Amherst Bulletin | Also serving Hadley, Leverett, Pelham, Shutesbury, Deerfield, Sunderland

Override scuttled: What's next?

BY Mary Carey
Staff Writer

Published on May 04, 2007

Once voters rejected the proposed $2.5 million Proposition 2 1/2 override aimed at softening the coming cuts in the town's schools and services, Amherst School Committee Chairman Andrew Churchill posed the question:

"Now what?"

Now what, indeed. It's back to Plan A, otherwise known as the 1 percent budget, after the increase it represents over last year's spending. It amounts to deep cuts - to the schools and to other services across the board, including fire and police.
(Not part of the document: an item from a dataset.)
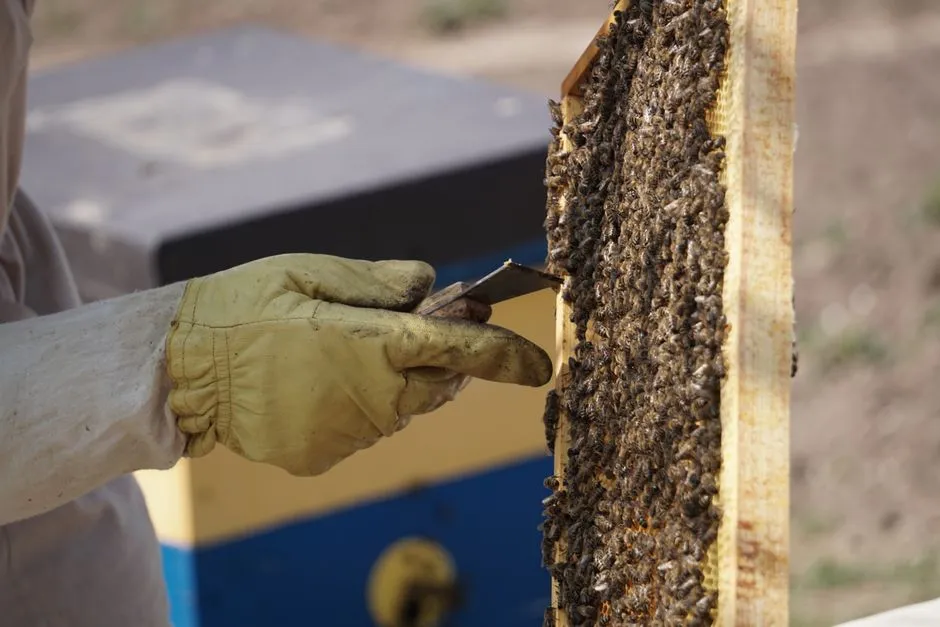 Benefits of Ground Nest Removal in Springfield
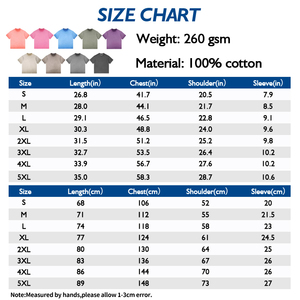 T-shirt Homme Vintage Oversize en Coton 260 g/m² Imprimé DTG, Effet Délavé et Vieilli, Style Streetwear - Product Image 5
Voters defeated the override by a modest margin on Tuesday, 53-47 percent, or 267 votes, with 2,383 residents saying "Yes" to an override and 2,650 saying "No." Turnout was 31.46 percent.

The Select Board, whose responsibility it is to propose overrides, could vote to put a smaller override on a townwide ballot either before or after Town Meeting - which ultimately passes the budget - when it convenes on May 7.
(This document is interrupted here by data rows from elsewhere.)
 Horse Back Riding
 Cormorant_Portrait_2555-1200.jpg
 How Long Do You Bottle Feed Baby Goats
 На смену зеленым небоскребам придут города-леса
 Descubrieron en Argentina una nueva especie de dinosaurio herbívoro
Under state law, the town clerk has to wait 35 days after the Select Board approves an override to hold the election, which means the earliest another override could be held is mid-June.

But Town Meeting could pass two budgets - the 1 percent spending plan and a less draconian contingency budget, if it knows another override vote is coming.

The Select Board also could let Town Meeting take the lead and decide whether to pass two budgets. Then, the board could propose an override.

"At this moment, I believe the wisest course of action is to wait for Town Meeting," Gerald Weiss, the board chairman, wrote in an email Wednesday.

The Finance Committee, meanwhile, will attempt to craft another semblance of a plan for future spending, Alice Carlozzi, its chairwoman, said Wednesday.

"We'll almost certainly have to be back next year for an override," Carlozzi added.

For its supporters, one of the most disappointing things about the override's failure to pass was that it had been part of a multi-year plan for getting spiraling costs under control. Besides spending caps and revenue-enhancement measures, it included a commitment from town officials who had supported it that they wouldn't ask for another override for three years.

The multi-year aspect of the plan had been its chief virtue for some supporters.

"With the plan that we no longer have, town staff and committees weren't going to have to be sitting down and figuring out budgets for months and months every year," Carlozzi said. "The enormous amount of time that would have been available for figuring out efficiencies of service and trying new things - that's gone."

The vote

Override opponents said residents had simply voted their pocketbooks.

"This was a silent-majority outcome," said senior activist Isaac BenEzra.

Supporters, many of whom have children in the schools, said that not enough parents had come out to vote.

Besides cutting about two dozen teaching positions, the 1 percent budget does not fully fund five formerly grant-funded firefighters. It would not maintain two police officer positions. It would reduce the number of courses high school students could take a year from the current 14 to 13, among other reductions to the schools. Also, War Memorial Pool would be closed.

Opponents who gathered at the V.F.W. on 457 Main St. to celebrate their victory, said some Amherst residents don't get it that spiraling property taxes mean some people can't afford to keep living here.

A woman in her early 80s had told "No" organizer Kevin Joy at the polls that she promised her recently deceased husband that she would never sell the family home, Joy said. But she's having trouble paying taxes. "She's desperate," Joy said. "That's the kind of thing people don't understand."

Although not as decisive as Select Board member Hwei-Ling Greeney would have liked it to be, the vote would send town officials a message, said Greeney, who campaigned hard for the "No" side. "Now I feel we're in a strong position to say, 'You need to go by what the voters want, which is to live within our means.'"

Override supporters said the 267-vote margin hardly constitutes a mandate.

"I think it's pretty positive," said former Select Board member Bryan Harvey, at Town Meeting members Patricia Blauner's and Peter Blier's house, where supporters met on Tuesday night.

"This is the hardest sell you can imagine," Harvey said. "Big number, multi-year, all the risk about - will it work?" There is no harder sell, and the result is we have to change 130 minds. We'll find 130 people," Harvey said.

"We have to figure out what the town really wants to do. There was some doubt about this particular package, but strong support for doing something."

Baer Tierkel, a supporter, said parents hadn't turned out in the numbers he had hoped to see. "It's up to parents to have a voice in how our schools are financed and what their level of quality is," Tierkel said.

He said he was disappointed by some residents he would have expected to support an override.

"Amherst politics always surprises me," Tierkel said. "There are a lot of people who align themselves as liberals, as progressives, as believing in using taxes to distribute the wealth.

"I understand people who are against taxes and big government being on the 'No' side," Tierkel said.

"I don't understand people who believe in government's role in providing for schools and for services to those who can't afford it, aligning with the 'No' side."